DS v8 and Teradata V2R6.2 large decimals

Post questions here relative to DataStage Enterprise/PX Edition for such areas as Parallel job design, Parallel datasets, BuildOps, Wrappers, etc.

Moderators: chulett, rschirm, roy

Post Reply
bcarlson
Premium Member
Premium Member
Posts: 772
Joined: Fri Oct 01, 2004 3:06 pm
Location: Minnesota

DS v8 and Teradata V2R6.2 large decimals

Post by bcarlson »

We are on DS v8.0.1 and writing to Teradata V2R6.2. Our data has 2 fields with datatype of decimal(20,0), but I get a datatype mismatch when writing to the target table that also has these fields defined as dec(20). I have a test job that is just a dataset with these 2 fields and a target Teradata Ent stage.

If I use truncate mode, the job fails with the datatype mismatch error. If I change it to replace mode, then it creates the new table with dec(20) fields but truncates the data down to 18 digits.

DS v8.0.1 is supposed to support V2R6.2 and TTU 8.2 (the corresponding utility bundle, including FastLoad which is what DS uses to write data with the Ent stage). Has anyone proven that it does in fact work? Are there extra settings in either DataStage or the RDBMS that need to be used to 'turn on' the option of using large decimals?

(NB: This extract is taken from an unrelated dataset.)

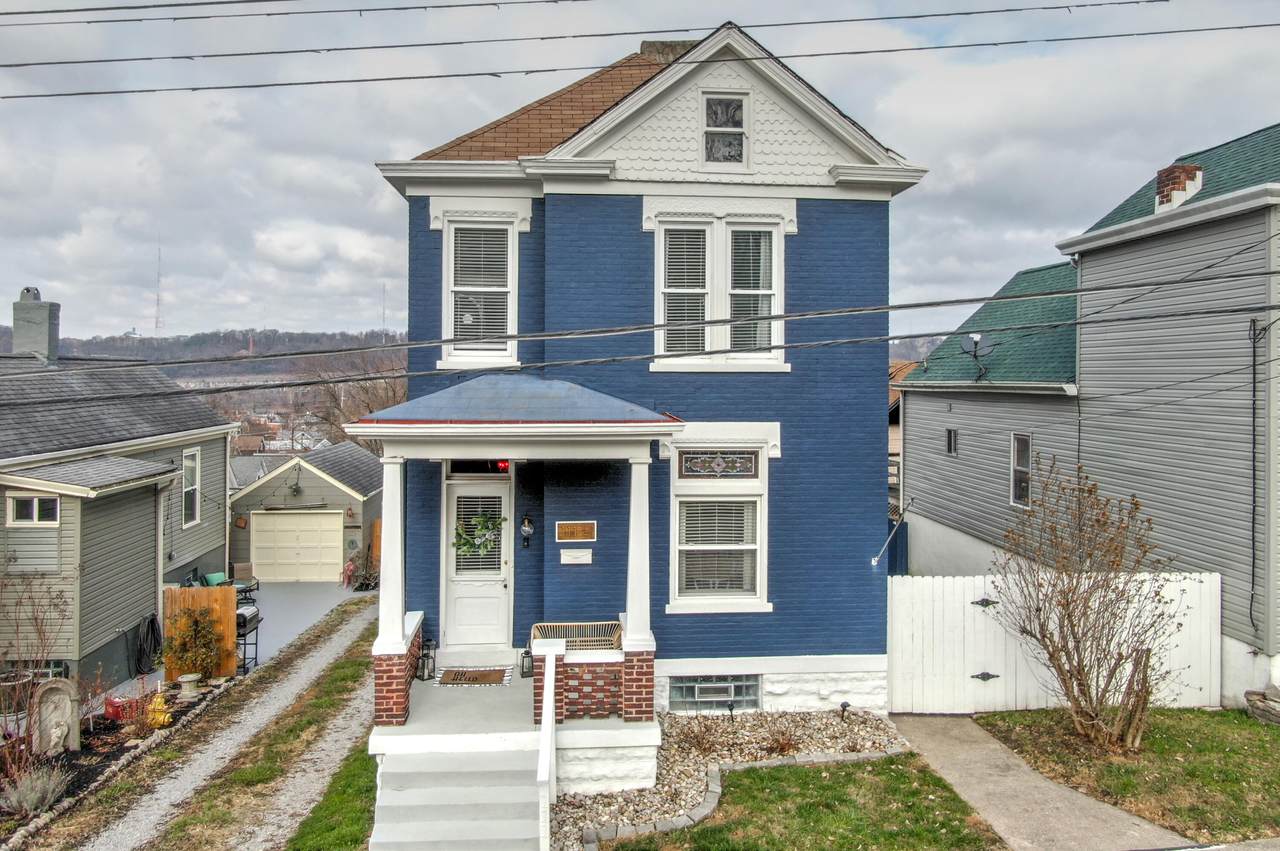 111 10th Avenue - Photo 1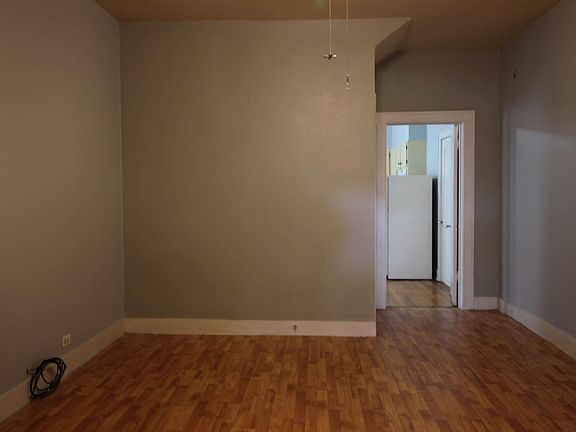 5th image of 1630 W Kings Hwy APT 1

FYI - I had an earlier posting dealing with same issue in DS 7.5.1a. For your reference:

DataStage PX and Teradata V2r6.2 large decimals

Brad.
It is not that I am addicted to coffee, it's just that I need it to survive.
toshea
Participant
Posts: 79
Joined: Thu Aug 14, 2008 6:46 pm

Post by toshea »

Although DS 8.0.1 supports TTU 8.2, it is supported in upward compatibility only. That is, no support was added for new TTU 8.2 features such as BIGINT and large DECIMAL. It only means that compatibility testing was done to ensure that old jobs continue to work with TTU 8.2.

Most stages will allow you to use a String data type to load into a large decimal column, because the conversion is done by the Teradata server and does not require any enhancement to the Teradata stages. But Teradata Enterprise is not one of those stages that will allow it, because it does validation checks to ensure that the link data types match the schema of the target table.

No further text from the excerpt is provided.